Loose Ends (103)

So the Federal government ran a fake university, the University of Farmington, that charged students tuition for the purpose of entrapping aliens abusing student visas. But this part of the Washington Post story is worth a pause:

But Rahul Reddy, a Texas attorney involved with these students’ cases, told the Detroit News that U.S. officials running the fake University of Farmington operation preyed upon unsuspecting students. “They should not punish these people who were lured into a trap,” Reddy said.

Just how do we tell the difference between a “fake” university preying upon unsuspecting students and a “real” university (say Evergreen State or Oberlin , for example) that preys on unsuspecting students and delivers a useless or fraudulent education? Talk about entrapment!

Speaking of the Washington Post, just what will Max Boot do when Trump is no longer president? I suspect he’ll end up on a street corner somewhere, fedora firmly in place, mumbling about Russian collusion till the end of his days.

Speaking of Russian collusion, I wonder whether any of the usual people on the left will pick up on the evidence of the massive Russian propaganda campaign to hobble fracking for oil and natural gas in Britain and elsewhere? Here’s the heart of a new story by Matt Ridley in The Critic in the UK:

The Russians also lobbied behind the scenes against shale gas, worried about losing their grip on the world’s gas supplies. Unlike most conspiracy theories about Russian meddling in Western politics, this one is out there in plain sight. The head of Nato, Anders Fogh Rasmussen, said the Russians, as part of a sophisticated disinformation operation, “engaged actively with so-called non-governmental organisations — environmental organisations working against shale gas — to maintain Europe’s dependence on imported Russian gas”.

The Centre for European Studies found that the Russian government has invested $95 million in NGOs campaigning against shale gas.
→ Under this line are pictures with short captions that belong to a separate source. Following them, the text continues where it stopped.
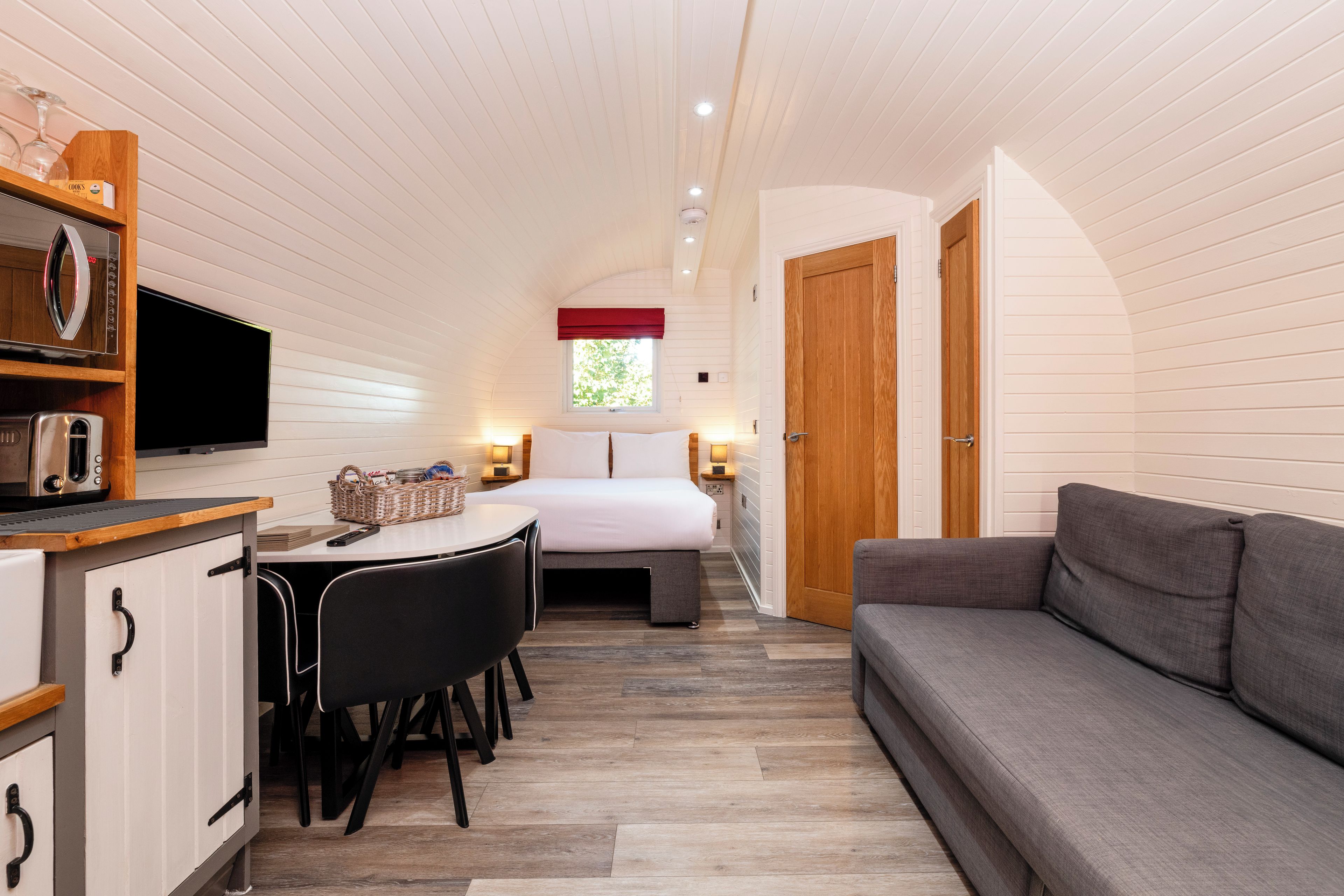 A compact room with a kitchenette, a dining area, a bed, and a sofa.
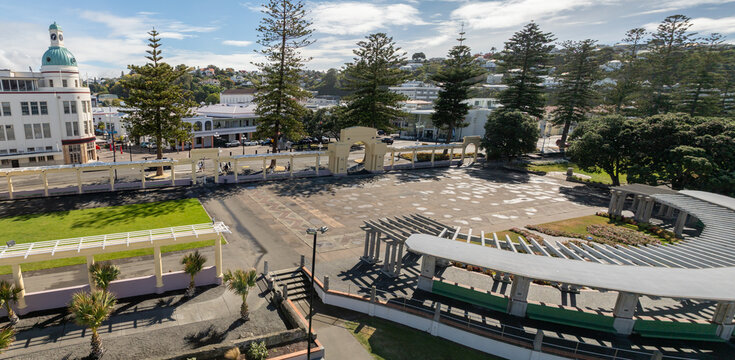 A sunny day in Napier, New Zealand, with people walking and cycling along the waterfront promenade. The iconic Art Deco buildings and lush greenery create a vibrant atmosphere. Marine Parade.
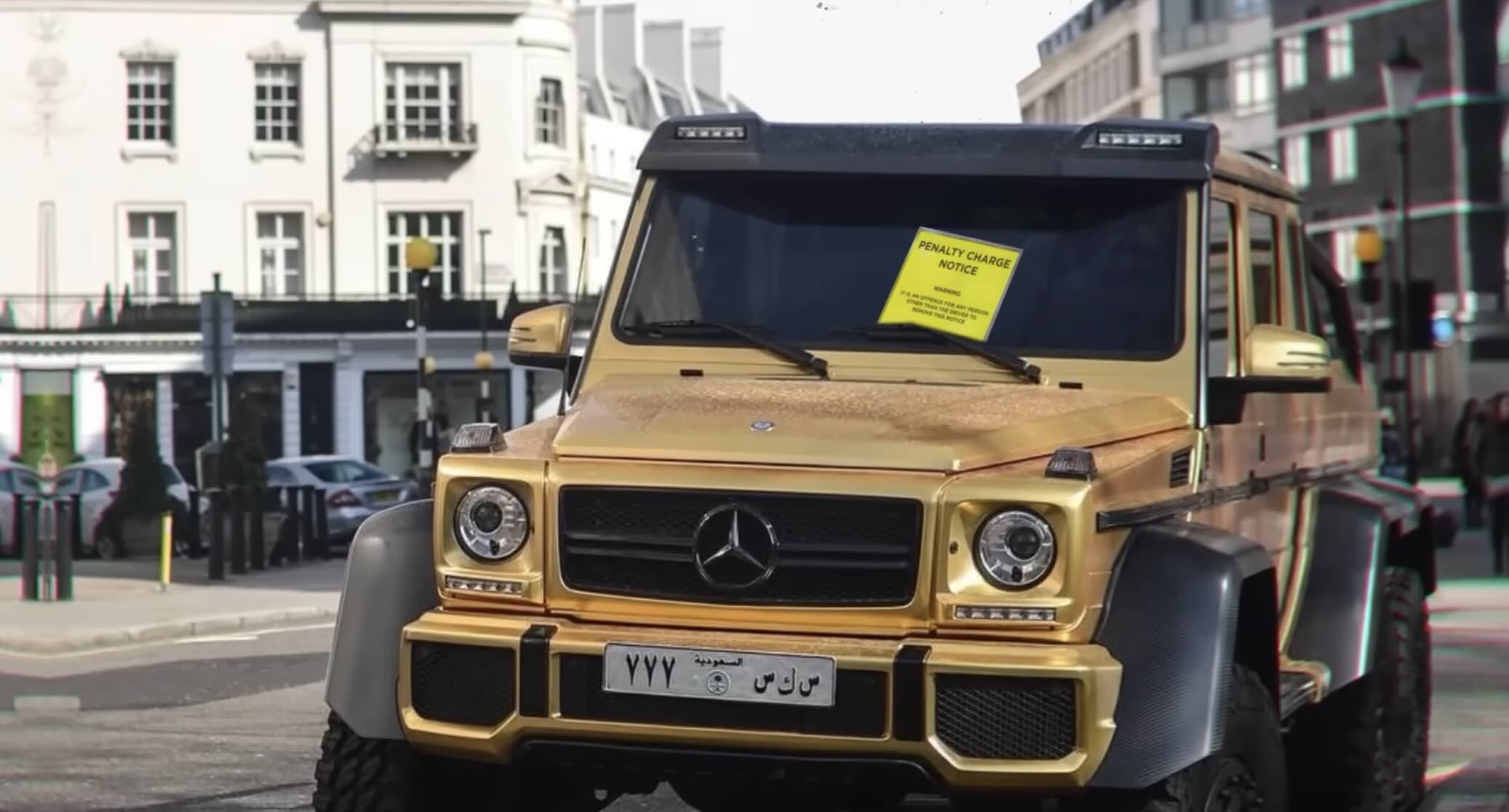 A gold Mercedes-Benz G-Wagon parked on a city street with a yellow penalty charge notice attached to the windshield.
Russia Today television ran endless anti-fracking stories, including one that “frackers are the moral equivalent of paedophiles”. The US Director of National Intelligence stated that “RT runs anti-fracking programming … reflective of the Russian Government’s concern about the impact of fracking and US natural gas production on the global energy market and the potential challenges to Gazprom’s profitability.” . .

And speaking of Britain, John noted here a couple days ago that the polls show the Conservative Party with a substantial lead in the run-up to next month’s election, but one factor to be kept in mind is that the Tories, who haven’t exactly distinguished themselves in office the last couple years, get to run against Jeremy Corbyn, arguably the most radical major party leader in the history of any modern industrial democracy in the postwar era.

Corbyn appeared last week on one of the leading political talk shows, and by all accounts bombed worse Ted Kennedy with Roger Mudd in 1979. Here’s part of the account that appears at Spiked under the title “Jeremy Corbyn just gave the worst political performance of modern times.”

It was terrible from beginning to end. Corbyn fluffed every single issue. Four times he was given an opportunity to apologise to Jews and he refused. He was asked if saying that ‘Rothschild Zionists control world affairs’ is anti-Semitic and he couldn’t bring himself to say it was. For crying out loud. It was unacceptable, he said. Eventually, when pressed, he said it was an anti-Semitic trope. So why hasn’t the Labour member who uttered those very words been suspended, Neil asked? Oof. And again from Corbyn, just boredom. Irritation. He looked like a man being bothered by flies rather than a man being asked why a significant majority of Jews think he’s a racist. . .

He wouldn’t even say whether he would kill an ISIS leader. Neil gave him the scenario. The military has its eyes on an ISIS leader, that ISIS leader is plotting terrorist attacks in the UK, and you are given the option as PM to kill him – yes or no? Corbyn’s response was as predictable as it was yellow-bellied. Can’t we arrest him, he said? Of course, Jeremy – maybe we should send the Old Bill over to Syria to put him in handcuffs? The idiocy of it. Corbyn is so lacking in principle, in basic decisiveness, that he won’t even commit to killing the leader of the closest thing to religious fascism that exists in the world right now. So much for his anti-fascism. . .

He can’t answer basic economic questions, he won’t take a stand on the biggest issue of the day (Brexit), and he won’t even drop a bomb on a mass-murdering, woman-enslaving, child-killing religious lunatic. Most strikingly of all, Corbyn looked like he just didn’t want to be there. Which is one thing he has in common with the rest of the country: we don’t want him to be there, either.

Corbyn’s unelectability ought to be an object lesson for Democrats here. But probably won’t be.